Hierarchical iron selenide nanoarchitecture as an advanced anode material for high-performance energy storage devices

Herein, we report submicron-sized flower-like iron selenide (FeSe2, FS) nanostructure facilely prepared using a KCl-templated solvothermal technique followed by calcination treatment under an inert atmosphere. As an anode material in lithium ion batteries (LIBs), the as-prepared flower-like FS nanostructure exhibits a specific discharge/charge capacity of 701/694 mAh g−1 with good faradaic efficiency of 99% after 100 cycles. Even at a high current density of 3200 mA g−1, the flower-like FS nanostructure material displays an outstanding reversible specific capacity of 435 mAh g−1 after 500 charge-discharge cycles. The rate capability performance also shows the excellent structural stability of the as-prepared electrode material, which could be due to the hollow cavity and free space in the flower-like FS nanostructure that can accommodate a larger number of Li ions and active sites for higher density energy storage. Furthermore, we demonstrate the use of the as-prepared flower-like FS nanostructure as negative electrodes for supercapacitors in aqueous alkaline electrolyte.
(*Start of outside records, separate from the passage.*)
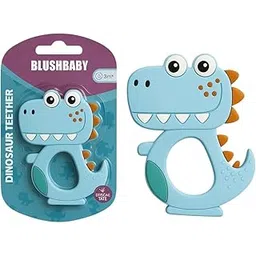 Blushbaby Silicone Baby Teether for Babies 6-12 Months | Teething Gums Manhattan Rattle Toy with Loop Rings | 100% Food-Grade Silicone & BPA-Free | Dinosaur Teether for Infants & Toddlers (Blue)-picture-23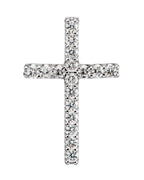 Pingente Cruz Delicado em Ouro 14k com Diamantes de Laboratório – Modelo 2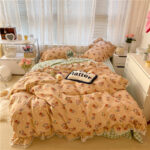 Cotton Lace Three-piece Garden Floral Bed Sheet - Image 6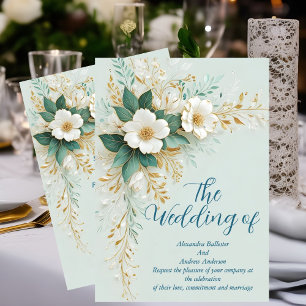 Elegant Wedding Blue Green White Gold Flowers  Invitation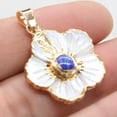 thumbnail image 5 of K-KED 10pcs Natural Amethyst Stone Gems Flowers Reiki Heal White Shell Pendants-Rose Quartz, 5 of 9
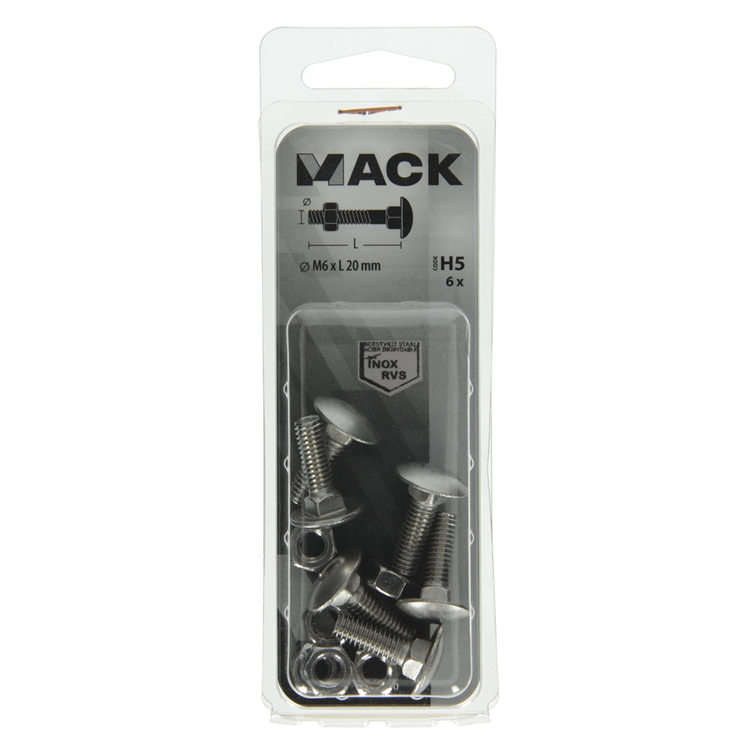 Mack 1019906 - houtbout + moer roestvrijstaal 6 st m6x20 mm | 10 stuks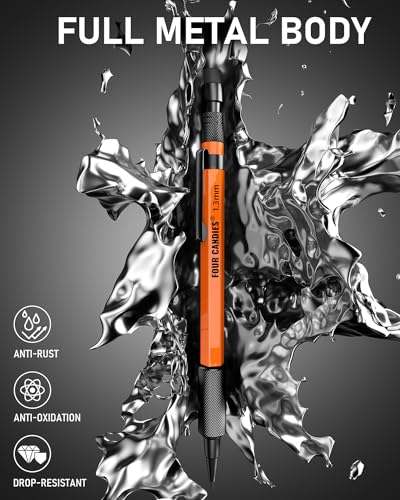 Four Candies 1.3mm Mechanical Pencil Set with 24 Lead Refills, Metal Weatherproof Heavy Duty Outdoor Carpenter Pencil, Eraser, 6 Eraser Refills for Architect Drafting Woodworking Marking with Case - Image 3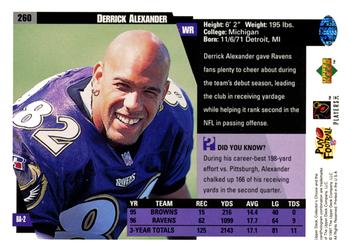 1997 Collector's Choice #260 Derrick Alexander Back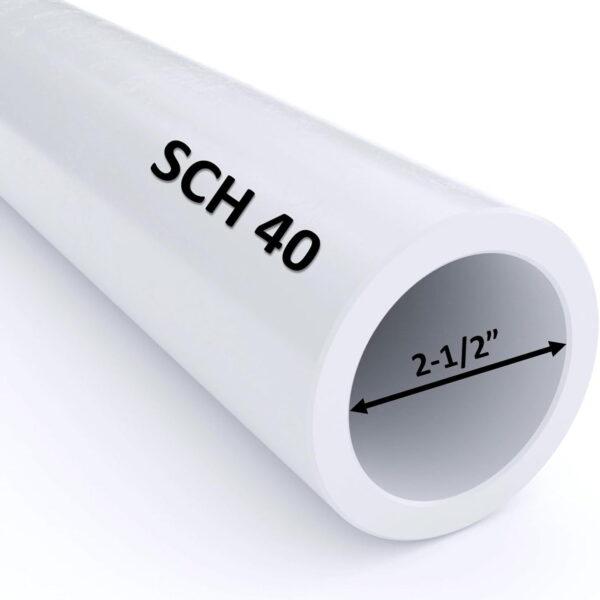 VENTRAL PVC Pipe Sch40 2.5 Inch (2.5) White Custom Length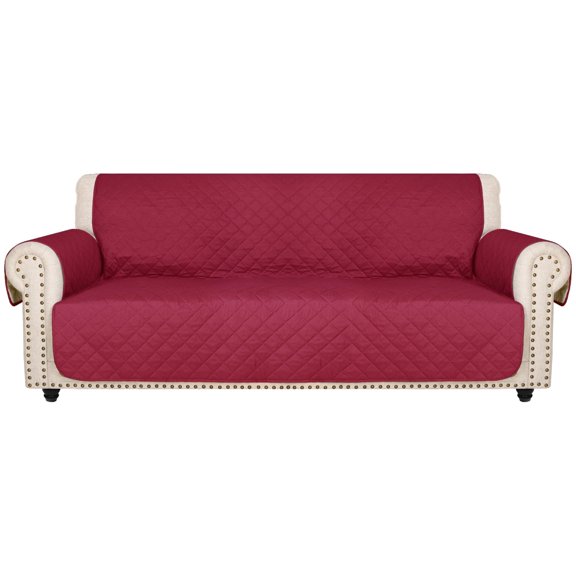 Y YUNHSOM Reversible Waterproof Sofa Slipcover for Pets Non-Slip Machine Washable Couch Cover with Elastic Straps(3 Seat, Red)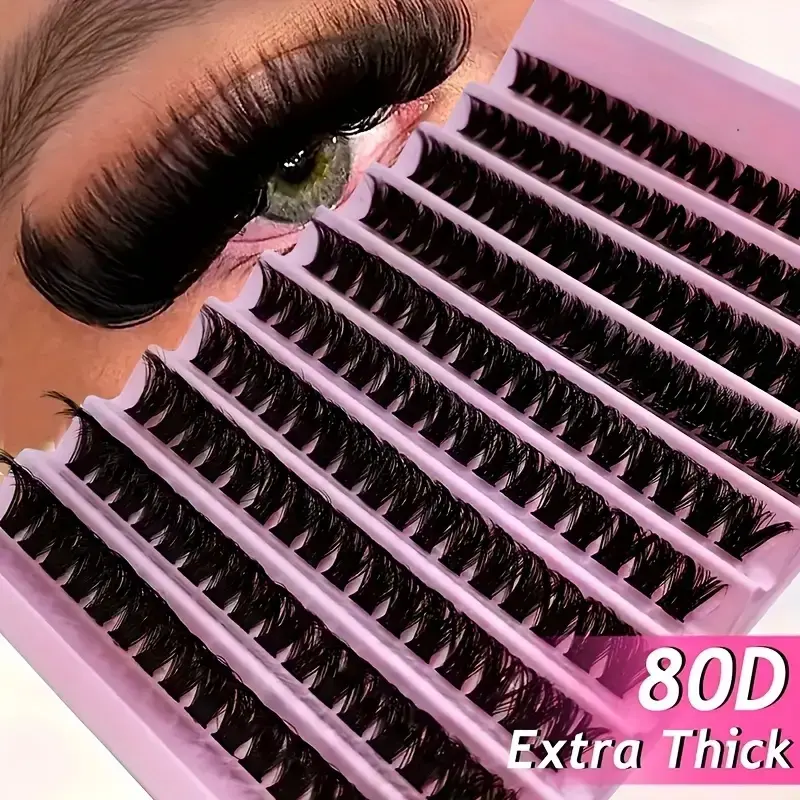 200-cluster mixed-length DIY eyelash extension set, 0.07mm D-curl, reusable cluster false eyelashes, Eyelash Clusters, Beginner Friendly Lashes, natural fluffy effect, lengths 10-16mm, Christmas gift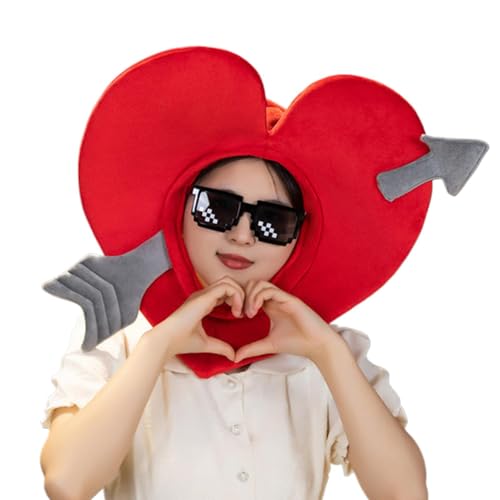 Herzförmiger Hut, herzförmiger Helm | Valentinstag Valentinstag Karton Form Hut Dekoration Lustige Foto-Requisiten Neuheit Cosplay Kostüme Herzförmiger Hut, herzförmiger Helm | Valentinstag Valentinstag Karton Form Hut Dekoration Lustige Foto-Requisiten Neuheit Cosplay Kostüme von Generic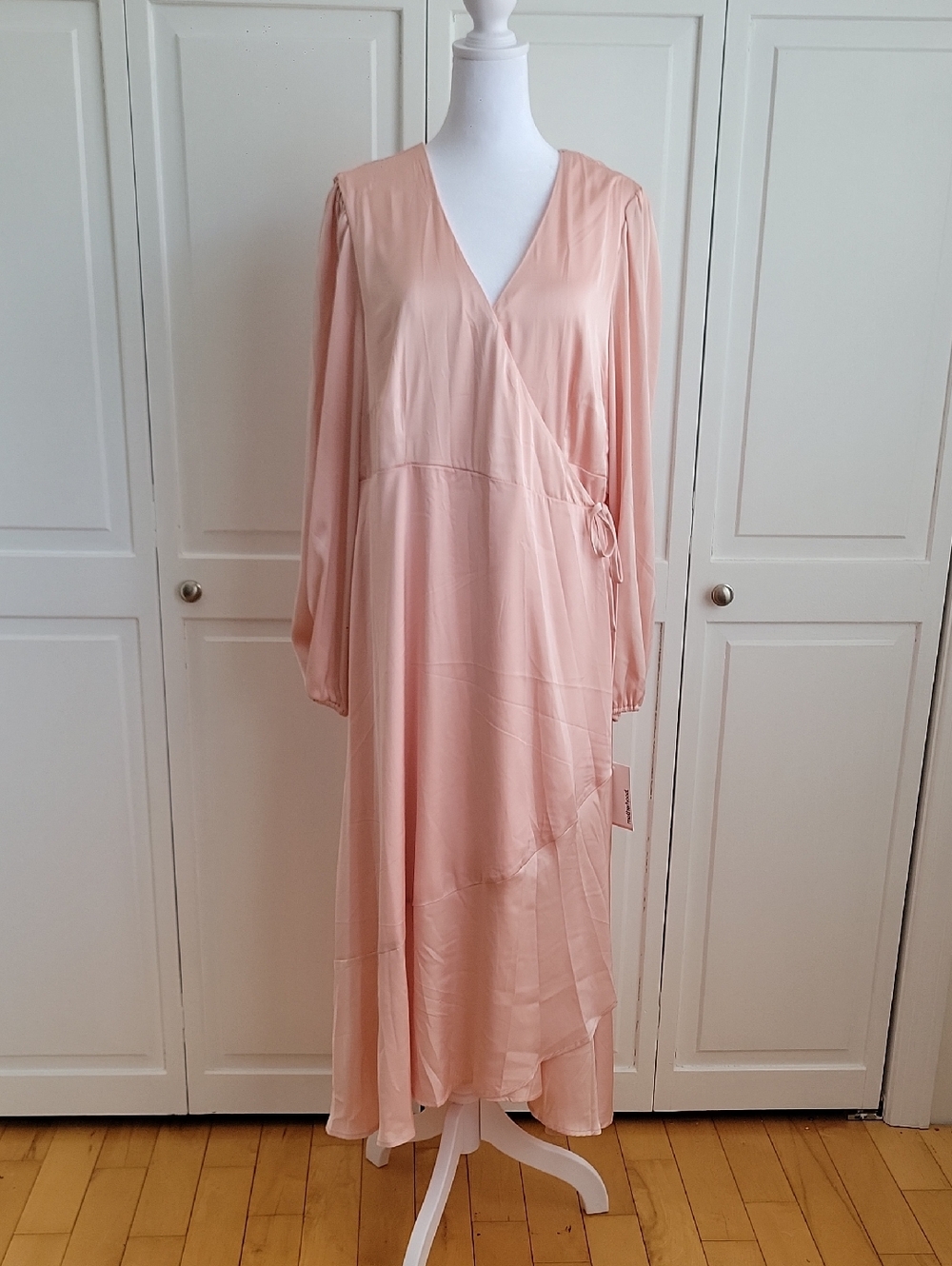 Motherhood Blush Pink Long Sleeve Wrap Maxi Dress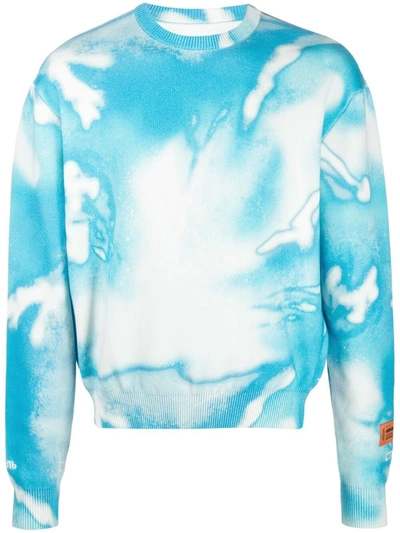 Heron Preston Knit Splash Print Crewneck Sweater, White And Light Blue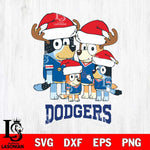 Los Angeles Dodgers Christmas Bluey Santa Family Cricut , Christmas Svg , Bluey svg , Digital Download, dxf eps png pdf file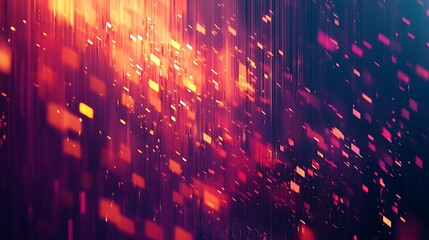 Obraz premium Abstract digital data stream with glowing orange and purple bokeh particles for high speed technology background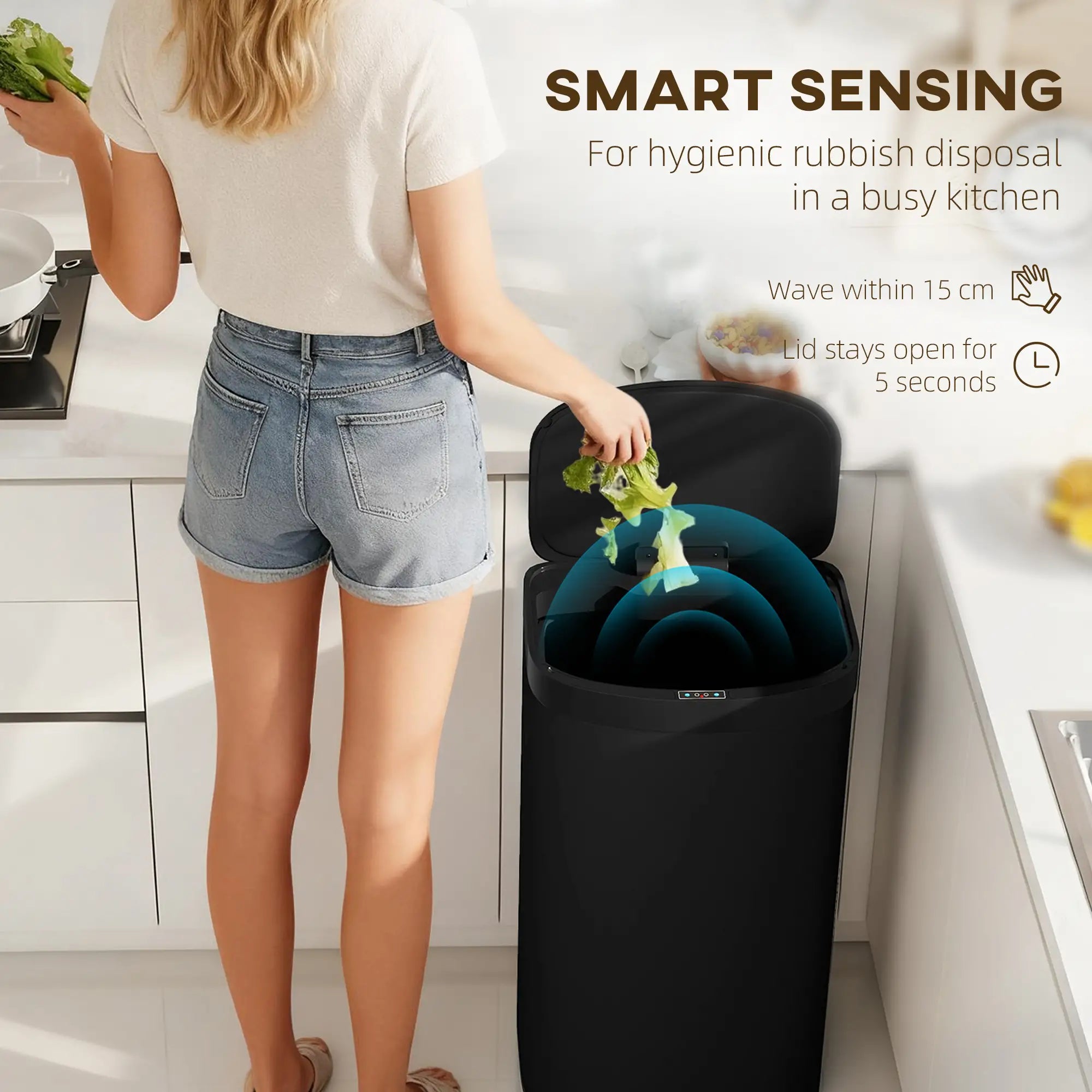 55L Automatic Sensor Bin – Touchless Kitchen Waste Bin with Soft-Close Lid, Stainless Steel, Fingerprint-Resistant, Black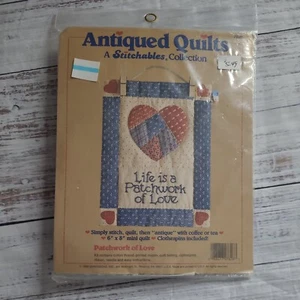 DIMENSIONS PATCHWORK OF LOVE CRAFT KIT ANTIQUED QUILTS VINTAGE - Picture 1 of 5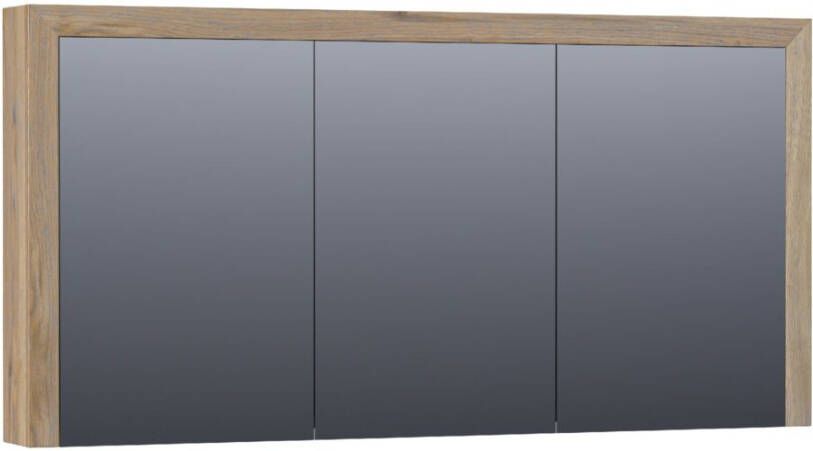 Saniclass Massief eiken spiegelkast 140x70x15cm met 3 links- en rechtsdraaiende spiegeldeuren doorlopende lamel geborsteld hout Vintage oak 70513VOG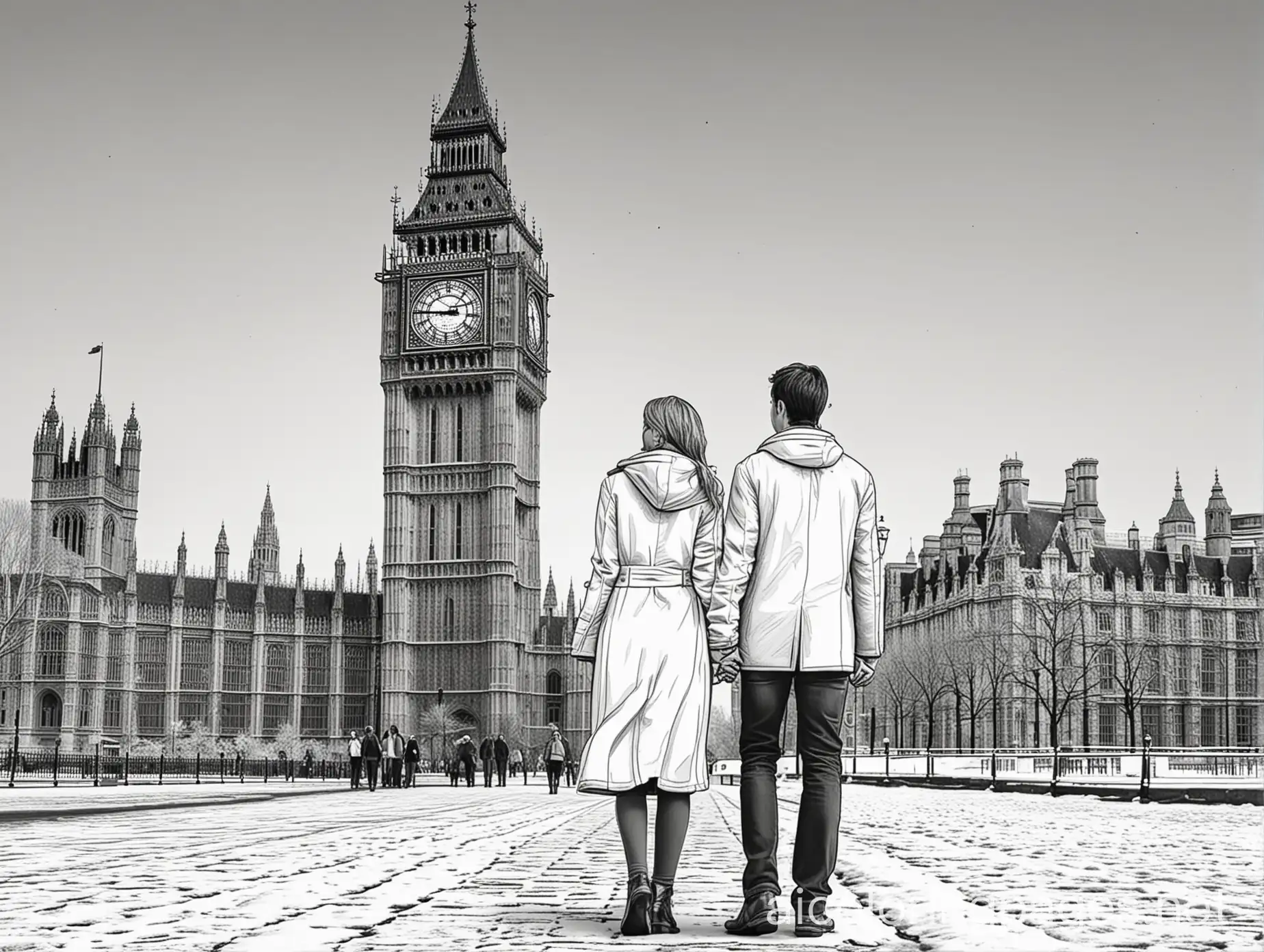 Young-Couple-Holding-Hands-in-Front-of-Big-Ben-Winter-Coloring-Page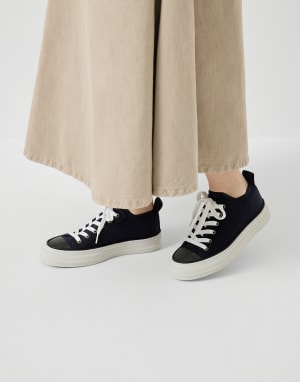 Cotton knit sneakers Blue Woman - Brunello Cucinelli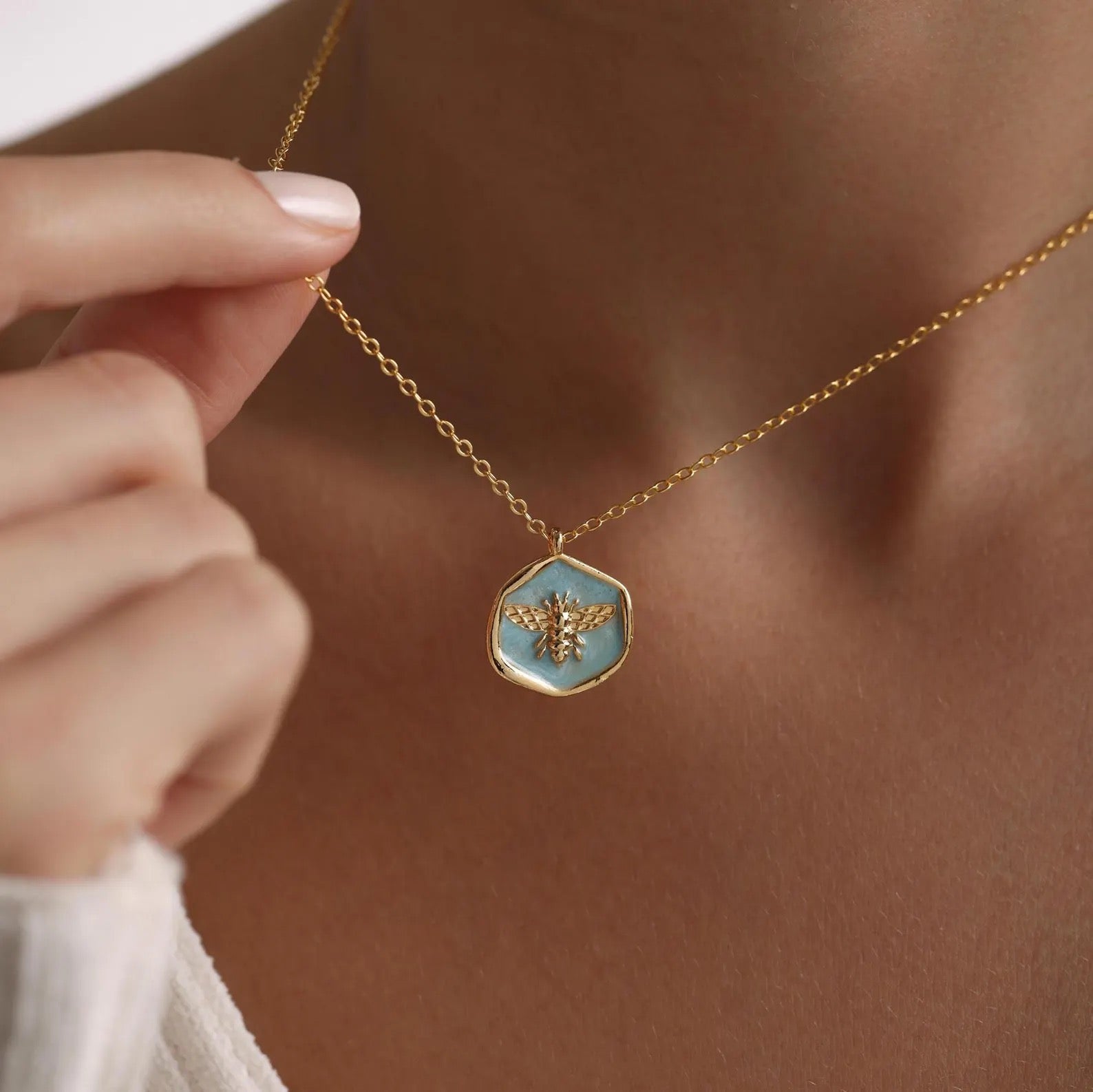 Plated Enamel Bee Pendant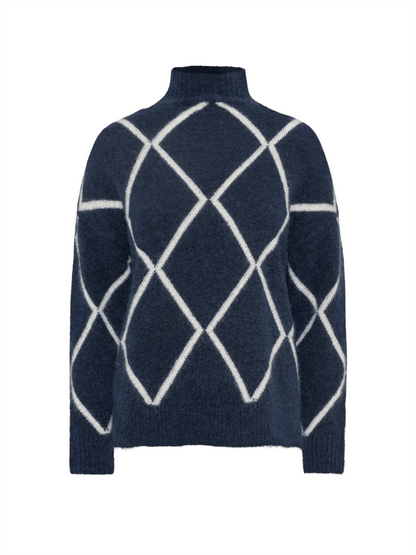 Elly Check Sweater - Navy - at home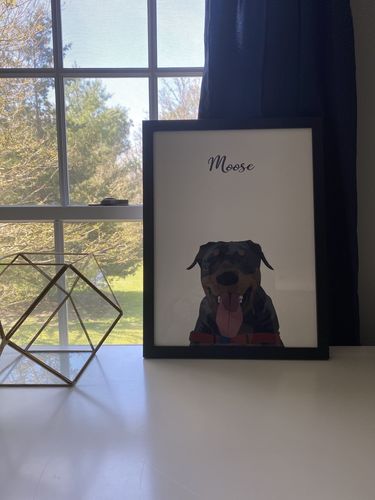 Customer photo review of Custom Framed Pet Portrait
In this application, they exhibit a maximum specific capacitance of 362.1 F g−1 along with good cycling durability of 89.4% after 5000 charge-discharge cycles. The facile preparation of hierarchical iron-based selenide that possess superior energy storage properties could be useful for the preparation of other metal selenide-based anode materials for use in high-performance energy storage devices.